Por Andrés Felipe Giraldo L.
Querido Padre,
He escrito mucho sobre ti, pero desde que nos dejaste hace poco más de siete años, no te he escrito a ti. He hablado mucho contigo junto al árbol en el que reposan tus cenizas, allí, al lado del río que marca el lindero de la que fuera tu última casa. Desde que nos dejaste, por fin le he podido dar cara al Dios que le rezo, tan etéreo e impreciso, recordando tu rostro.
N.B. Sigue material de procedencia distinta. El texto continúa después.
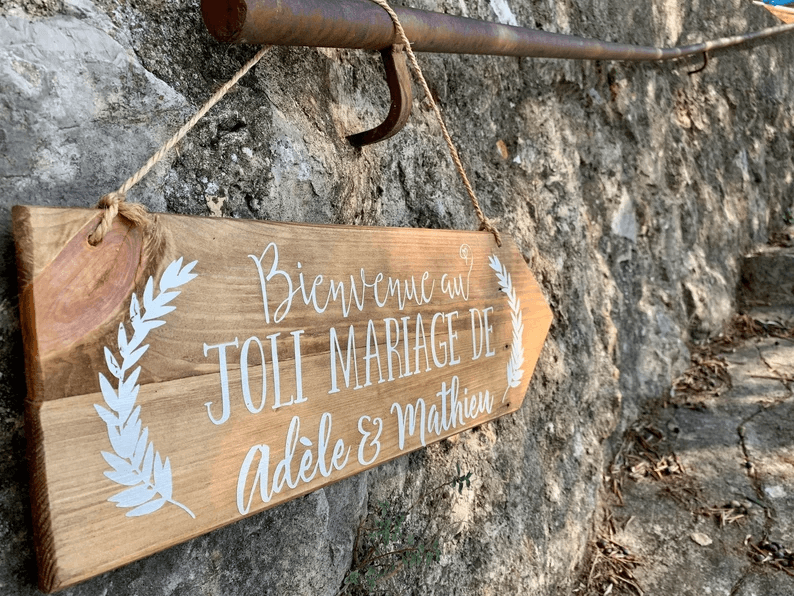 Customized Wooden Pallet Wedding Sign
En estos siete años, mis hermanos y yo hemos llenado tu vacío hablando de cada anécdota, de cada enseñanza, de cada momento en el que estuviste ahí para darnos la fuerza que ya sentíamos agotada, brindando un apoyo lleno de cariño y dedicación por cada uno de nosotros, desde Carlos hasta mí, como si hubieras tenido ocho hijos únicos para atendernos y una familia extensa para unirnos, porque nunca nos negaste nada que pudiera darnos alas para volar, sin lujos, porque no había con qué, pero sin necesidades, porque en la nevera nunca nos faltó nada. Todo en una proporción tan justa, que la justicia se hizo parte de nuestras vidas de manera tan silvestre y natural, que notar la injusticia era apenas un trámite del sentido común.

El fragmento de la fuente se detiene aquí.